María Guadalupe Guerra

María Guadalupe Guerra
Tachas 476
Tachas 476 • Muertes paralelas • María Guadalupe Guerra


Los felinos nacieron por la noche, tal vez a las nueve con treinta minutos: dos gatos regordetes, pintados con manchas ovaladas amarillas, nacieron ante nosotros. Nuestra gata Blue los alimentó sólo dos semanas y media. Un día la felina amaneció babeando y tambaleando al caminar. Pensamos, mis hermanos y yo, que había comido algo con veneno. Todos sabíamos el destino de los gatos en el pueblo: muerte por envenenamiento en comidas fuera de casa de sus dueños. Quisimos pensar que debía tener remedio. No pudimos llevarla al veterinario, para tres niños de ocho, once y doce años es complicado reunir el dinero. Al externar nuestra petición a nuestros padres solo recibimos como respuesta: “no hay tiempo para cuidar esos gatos”. Dejamos al destino obrar de buena manera para curar sus malestares. No sucedió: dos días después encontramos a Blue justo debajo de la lavadora descompuesta, donde había dado a luz a sus pequeños. La gata estaba muerta y con sus ojos abiertos, perplejos. Tenía la mandíbula escurriendo la misma baba que hace días emanaba sin parar; estirada de patas, su cuerpo quedó a la luz de nuestros rostros espectadores. Los gatos, sus crías, llevaron los últimos días alimentándose incorrectamente. Les obligábamos beber leche de una jeringa, para evitar muerte por inanición.

A pesar de las adversidades decidimos ponerles nombres a nuestros mininos, ¿no es un acto de solidaridad nombrarlos, distinguirlos? Con cuidado alzamos sus colas para descubrir su sexo: una hembra y un macho. Para conmemorar a su madre, la gatita fue nombrada Blue, además poseía el mismo pelaje manchado entre colores negros, blancos y pequeños soles anaranjados en su cuerpo, igual que su progenitora. Al macho lo nombramos Pelirgo, así con esa dislocación en la palabra; tal vez lo nombramos así, por las veces que intentábamos tomarlo entre nuestras manos y él respondía con un débil rugido, una especie de advertencia. Tenía pelaje amarillo, amarillo destellante.

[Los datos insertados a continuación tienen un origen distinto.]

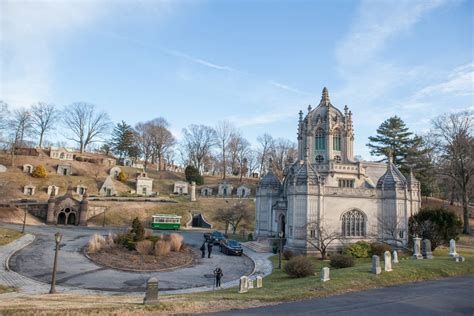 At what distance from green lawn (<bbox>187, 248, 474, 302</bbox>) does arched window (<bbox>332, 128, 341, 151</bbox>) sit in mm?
21512

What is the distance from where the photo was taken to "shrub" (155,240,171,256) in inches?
1244

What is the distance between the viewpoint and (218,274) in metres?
22.1

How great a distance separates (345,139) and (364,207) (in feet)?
33.8

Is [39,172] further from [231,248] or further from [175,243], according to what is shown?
[231,248]

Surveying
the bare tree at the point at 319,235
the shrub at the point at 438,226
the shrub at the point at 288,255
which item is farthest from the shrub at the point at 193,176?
the shrub at the point at 438,226

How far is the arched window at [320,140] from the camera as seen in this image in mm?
44781

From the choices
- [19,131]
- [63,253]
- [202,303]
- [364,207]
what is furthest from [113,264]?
[19,131]

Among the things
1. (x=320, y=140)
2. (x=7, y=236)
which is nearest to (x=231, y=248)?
(x=320, y=140)

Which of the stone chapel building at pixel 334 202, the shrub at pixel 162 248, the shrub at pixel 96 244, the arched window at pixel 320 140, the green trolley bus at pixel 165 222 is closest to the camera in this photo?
the shrub at pixel 162 248

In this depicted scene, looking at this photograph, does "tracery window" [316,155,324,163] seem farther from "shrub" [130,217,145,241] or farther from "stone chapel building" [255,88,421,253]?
"shrub" [130,217,145,241]

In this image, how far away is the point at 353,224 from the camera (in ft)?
123

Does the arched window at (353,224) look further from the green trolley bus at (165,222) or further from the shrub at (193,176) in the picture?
the shrub at (193,176)

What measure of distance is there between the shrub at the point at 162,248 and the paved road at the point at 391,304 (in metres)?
19.2

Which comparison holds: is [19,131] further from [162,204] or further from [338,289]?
[338,289]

Esos días en el pueblo pasaron varios asesinatos curiosamente sincronizados con el destino de nuestros animales. Lo que mostraba la muerte en nuestro espacio, su presencia invocada por el acto de otros. No pudimos evitar pensar en el dolor de aquellos integrantes de las procesiones que se hacían tan regulares aquí, así similar a nuestro pesar al ver partir a cada felino.

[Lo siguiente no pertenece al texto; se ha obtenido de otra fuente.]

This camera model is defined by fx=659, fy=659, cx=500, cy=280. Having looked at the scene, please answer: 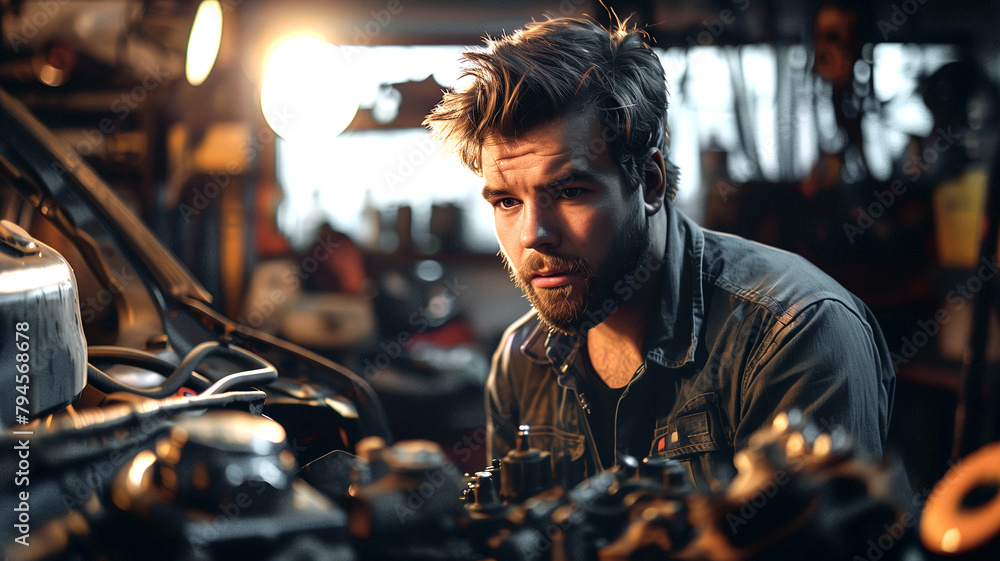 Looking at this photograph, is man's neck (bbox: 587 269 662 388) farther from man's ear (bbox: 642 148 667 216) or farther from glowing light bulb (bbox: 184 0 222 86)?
glowing light bulb (bbox: 184 0 222 86)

Recordamos la conexión entre las muertes paralelas de los habitantes, el mismo día de la muerte de Blue Madre, escuchamos pasar la ambulancia en la calle principal del pueblo. Todos salieron de sus casas. “Un muerto más”, dijeron. Era un joven de 21 años dueño del auto-lavado. Cano, le decían. Ellos llegaron al establecimiento y dispararon sin ver quienes estaban dentro. Dicen que fueron a matar a la familia que recién había llegado al establecimiento solicitando un servicio. Jalaron los gatillos; Cano no corrió, quedó petrificado y una bala atravesó sus testículos, la sangre brotó. Su madre corrió al establecimiento y encontró a Cano tirado en estado de shock: “me duele mucho, mamá. Me duele mucho”. Esa fue la versión que escuchamos cuando una tía vino de visita a nuestra casa para dejar nopales recién cortados.

Nosotros hicimos todo lo posible por salvar a Blue y Pelirgo, verdad de Dios que sí. Quisimos que los pequeños de nuestra gatita no corrieran la misma suerte que aquellos, o que ella.

Los dos animales empezaban a defecar en la lavadora, sus patas se manchaban de suciedad. Colocamos una sudadera con felpa porque en los tutoriales de internet, para supervivencia de gatitos huérfanos, sugerían prendas que produjeran calor. Mancharon de orines y excremento aquella prenda. Las moscas empezaban a rondar la lavadora. El tufo era cada vez más fuerte. Quisimos bañarlos, pero el tiempo empeoró. Las lluvias de junio amenazaron más la vida de los felinos. Temíamos bañarlos y una muerte de frío después. Nuestra inexperiencia no aumentaba las posibilidades para salvarlos.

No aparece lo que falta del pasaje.